§ **INPUT DATA**

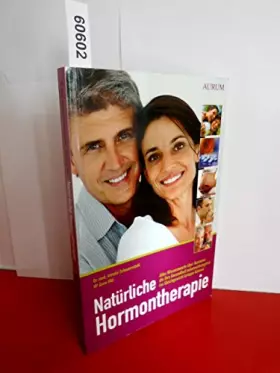 Couverture du produit · Natürliche Hormontherapie: Alles Wissenswerte über Hormone, die ihre Gesundheit nebenwirkungsfrei ins Gleichgewicht bringen kön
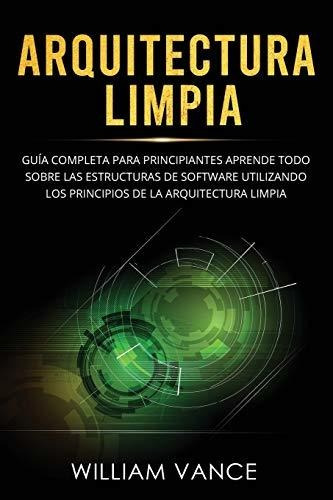 Arquitectura Limpia: Guía Completa Para Principiantes Aprend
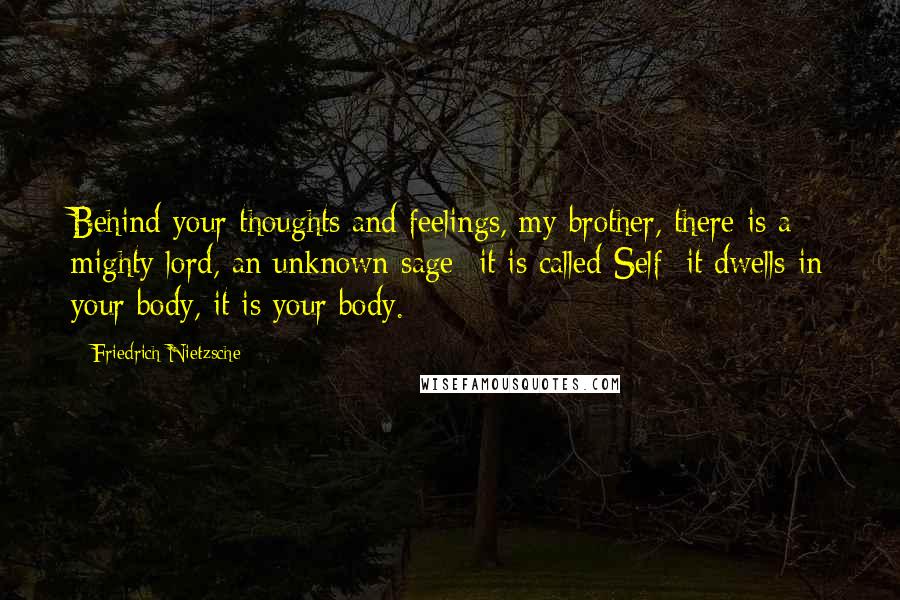 Friedrich Nietzsche Quotes: Behind your thoughts and feelings, my brother, there is a mighty lord, an unknown sage- it is called Self; it dwells in your body, it is your body.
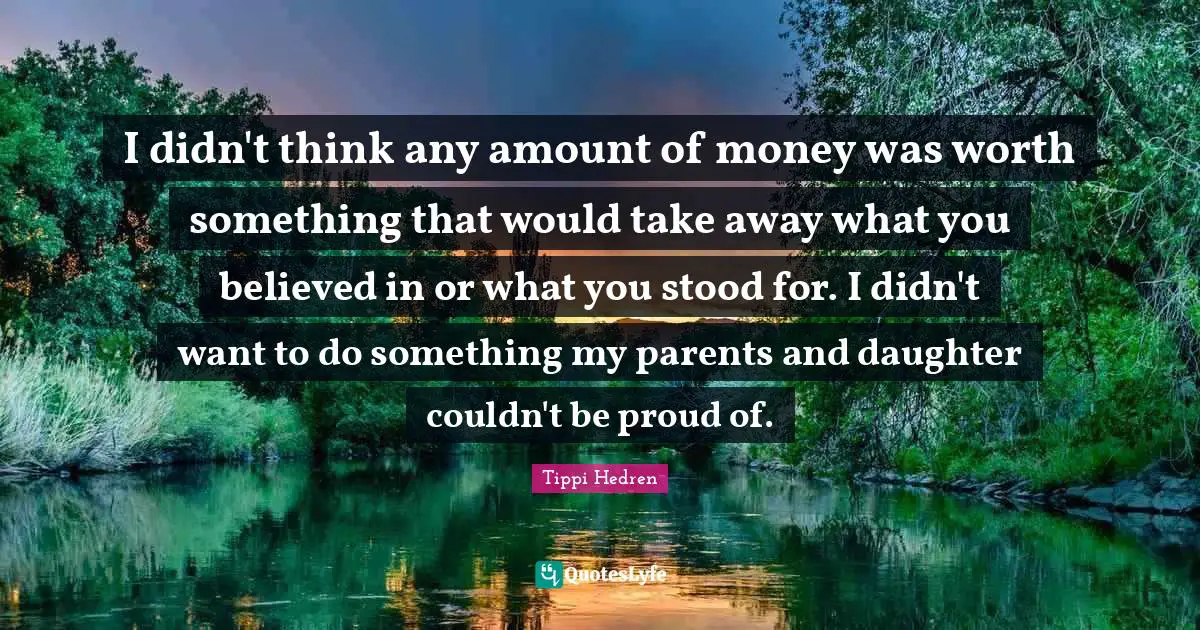 I didn't think any amount of money was worth something that would take away what you believed in or what you stood for. I didn't want to do something my parents and daughter couldn't be proud of.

§ **YOUR TASK**
Give back each line above verbatim, dropping every picture.

§ **ANSWER TO THIS TASK**
 Couverture du produit · Natürliche Hormontherapie: Alles Wissenswerte über Hormone, die ihre Gesundheit nebenwirkungsfrei ins Gleichgewicht bringen kön
 Arquitectura Limpia: Guía Completa Para Principiantes Aprend
 Friedrich Nietzsche Quotes: Behind your thoughts and feelings, my brother, there is a mighty lord, an unknown sage- it is called Self; it dwells in your body, it is your body.
 I didn't think any amount of money was worth something that would take away what you believed in or what you stood for. I didn't want to do something my parents and daughter couldn't be proud of.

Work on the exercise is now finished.